**WORK INSTRUCTION**
Would you please repeat exactly the entries below, starting at the line with "Nike Dri Fit" and ending at the line with "Sale Poêle grill", and nothing outside that range? Leave out the pictures.

**RECORDS SHOWN**
- Opening Delimiter -

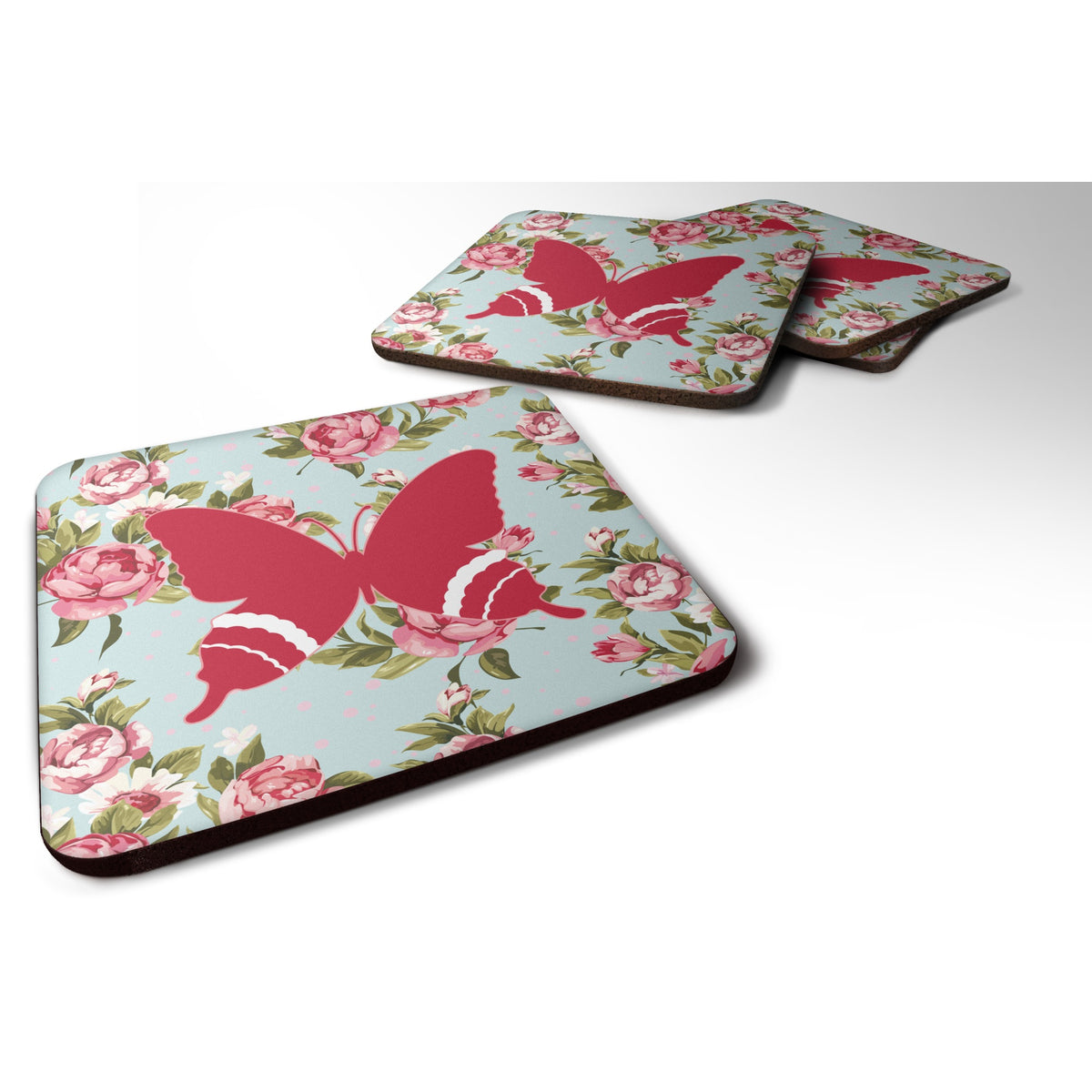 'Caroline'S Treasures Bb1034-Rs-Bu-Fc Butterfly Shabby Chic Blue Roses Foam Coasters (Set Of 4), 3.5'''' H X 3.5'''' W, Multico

- Closing Delimiter -
- Opening Delimiter -

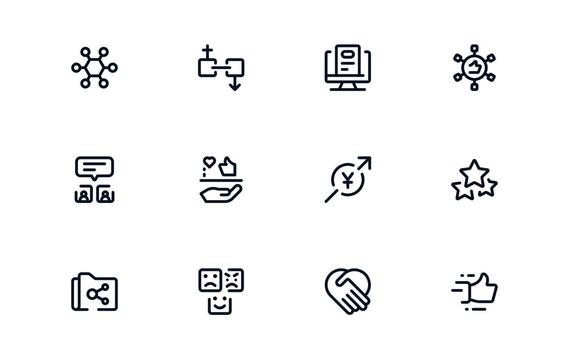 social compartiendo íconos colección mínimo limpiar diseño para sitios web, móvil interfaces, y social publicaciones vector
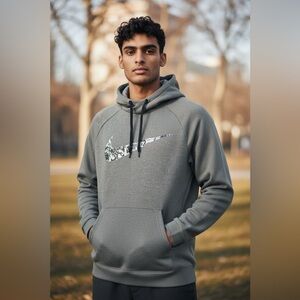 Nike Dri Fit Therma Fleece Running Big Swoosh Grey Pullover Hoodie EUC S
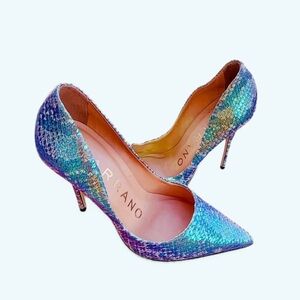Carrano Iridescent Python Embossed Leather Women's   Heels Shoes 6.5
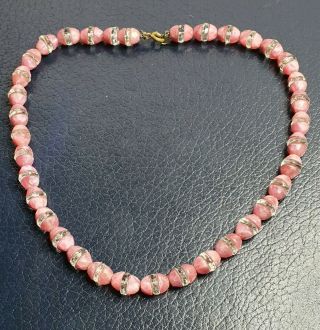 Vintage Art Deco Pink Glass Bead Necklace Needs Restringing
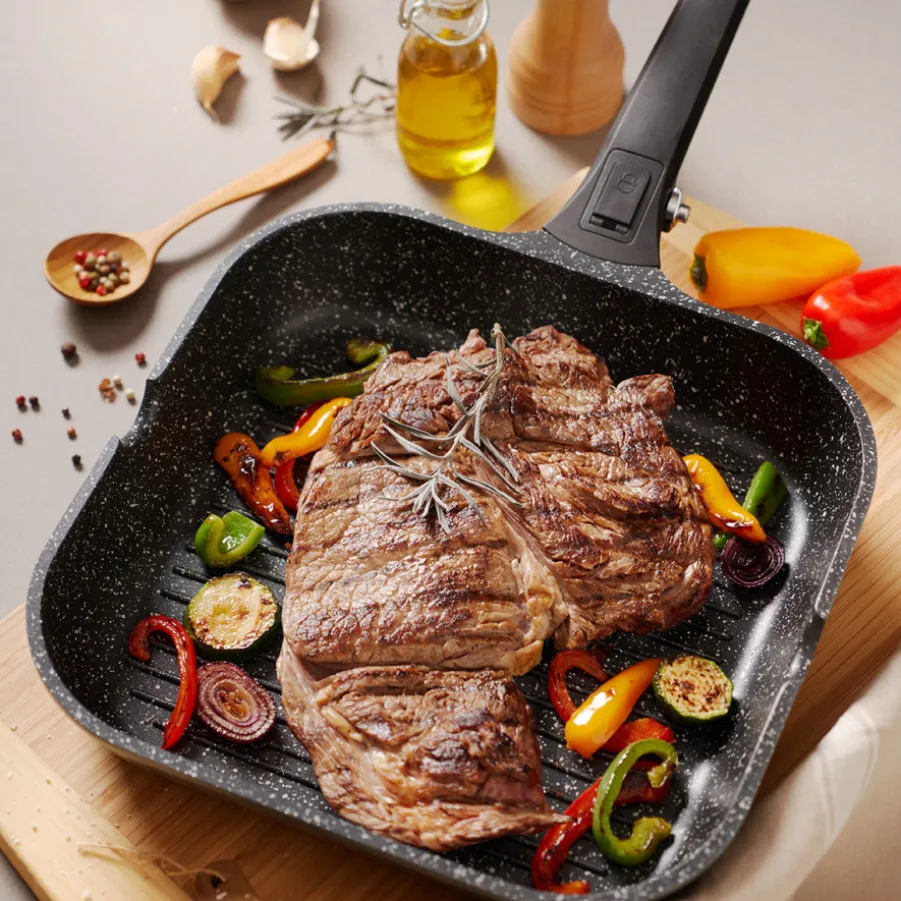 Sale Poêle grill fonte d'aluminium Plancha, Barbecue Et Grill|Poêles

- Closing Delimiter -
- Opening Delimiter -

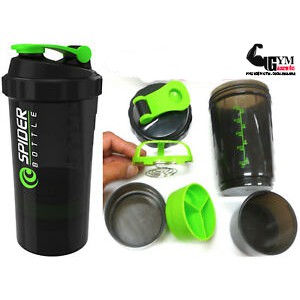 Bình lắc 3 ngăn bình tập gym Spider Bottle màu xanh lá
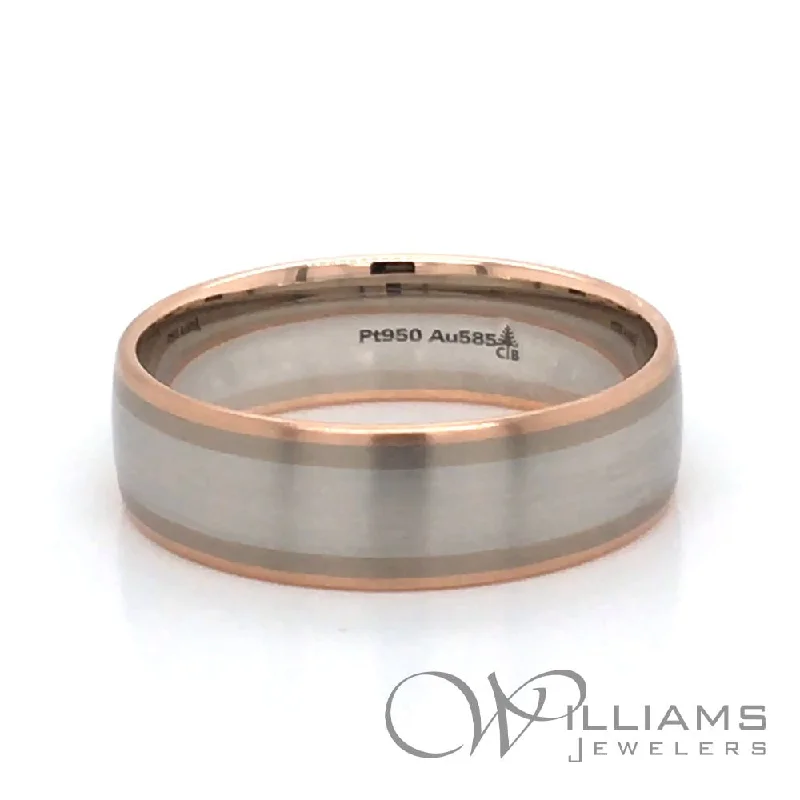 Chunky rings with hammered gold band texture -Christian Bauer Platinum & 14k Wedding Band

- Closing Delimiter -

**YOUR SOLUTION**
 Nike Dri Fit Therma Fleece Running Big Swoosh Grey Pullover Hoodie EUC S
Carrano Iridescent Python Embossed Leather Women's   Heels Shoes 6.5
 Vintage Art Deco Pink Glass Bead Necklace Needs Restringing
 Sale Poêle grill fonte d'aluminium Plancha, Barbecue Et Grill|Poêles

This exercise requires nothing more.